Racconto del cacciavite. Non mi credono.
"E chi l’ha medicata? È andato al Pronto Soccorso?"
"No. Mi ha medicato mia figlia."
Mi guardano sospettosi, ma non posso farci niente.
Penso che forse, per coronare la giornata, mi sbatteranno anche in gattabuia; invece subisco solo qualche frecciata ironica e qualche distratta domanda. Mi fanno ripetere e, stranamente, non cado in contraddizioni.
Alla fine quasi ci prendiamo reciprocamente in simpatia e penso che, senza divisa, una serata al ristorante con loro la passerei volentieri.
"Si curi la mano!", mi fa il Quaresima salutandomi e mi strizza l'occhio con un ammiccamento che mi lascia molto perplesso.

La polizia mi ha lasciato da poco quando in negozio mi raggiunge Silvia. Lancia un'occhiata ironica e per nulla scandalizzata ai tratti di vernice ancora comprensibili sulla serranda, mi chiede come va la mano e come vanno gli affari: "Tutto bene! Benissimo! Un paradiso maomettano!"
Come per lei matematica.
Silvia serve lei i clienti al banco e così io posso finire il depitturaggio; devo interrompere solo per vedere uno che ha un problema con l'otturatore che certe volte non scatta e un cliente che vuole uno schermo per il suo proiettore.
"Ma non uno schermo normale: uno schermo... uno schermo - non grande! - di quelli ... che sono molto belli!"
Dio solo – oppure il diavolo - sa cosa vuole!

Verso le cinque Silvia apre il quaderno di matematica e si mette a risolvere esercizi, o meglio li comincia e a metà strappa la pagina. Dopo un poco mi guarda sconsolata grattandosi la cervice e potrebbe anche piangere.
Fa pena, povera testolina: "Tanto duro?"
"Non capisco!
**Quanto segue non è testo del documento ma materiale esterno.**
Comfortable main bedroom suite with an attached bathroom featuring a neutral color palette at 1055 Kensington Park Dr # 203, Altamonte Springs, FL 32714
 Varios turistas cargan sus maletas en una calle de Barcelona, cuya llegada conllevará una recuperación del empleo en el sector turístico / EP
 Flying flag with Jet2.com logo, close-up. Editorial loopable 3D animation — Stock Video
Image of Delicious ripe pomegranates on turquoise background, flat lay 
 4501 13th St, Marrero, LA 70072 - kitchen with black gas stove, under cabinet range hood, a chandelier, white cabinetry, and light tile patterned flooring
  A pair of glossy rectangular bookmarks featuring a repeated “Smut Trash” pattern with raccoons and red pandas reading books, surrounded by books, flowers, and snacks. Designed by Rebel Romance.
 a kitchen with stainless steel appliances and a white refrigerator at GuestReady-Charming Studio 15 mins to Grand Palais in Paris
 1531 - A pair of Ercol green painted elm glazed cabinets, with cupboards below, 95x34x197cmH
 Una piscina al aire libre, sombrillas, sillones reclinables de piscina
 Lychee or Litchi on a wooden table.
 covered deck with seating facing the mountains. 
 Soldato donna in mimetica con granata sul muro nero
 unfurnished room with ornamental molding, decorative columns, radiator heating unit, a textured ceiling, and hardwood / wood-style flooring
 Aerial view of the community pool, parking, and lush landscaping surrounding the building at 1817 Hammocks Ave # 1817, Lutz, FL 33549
Non ci arrivo, porca miseria!"
Non posso esserle di grande aiuto, guardo solo per dovere le poche pagine rimaste del quaderno: fa impressione quanto è diventato sottile. Sulle ultime pagine equazioni esponenziali.
Almeno i testi degli esercizi sono rimasti. Sbuffo non sapendo che dire poi, contagiato, mi gratto la testa anch'io: "Quando sarà il prossimo compito?"
"Non lo so. Dopo Pasqua."
"Pasqua di Passione!", mormoro. Silvia mi osserva e dopo qualche istante scoppia a ridere e non riesce più a smettere e tira a ridere anche me.
Umberto entrato carico di pellicole deve pensare che siamo pazzi e, ad ogni modo, sono certo darebbe un anno di vita per sapere perché diavolo ridiamo e infatti me lo chiede col risultato di far esplodere di nuovo Silvia che, quasi soffrendo, corre a prendere fiato e a nascondersi nel retro.
"Stupidaggini, stupidaggini!" faccio io, ma devo tirare fuori il fazzoletto per asciugarmi gli occhi.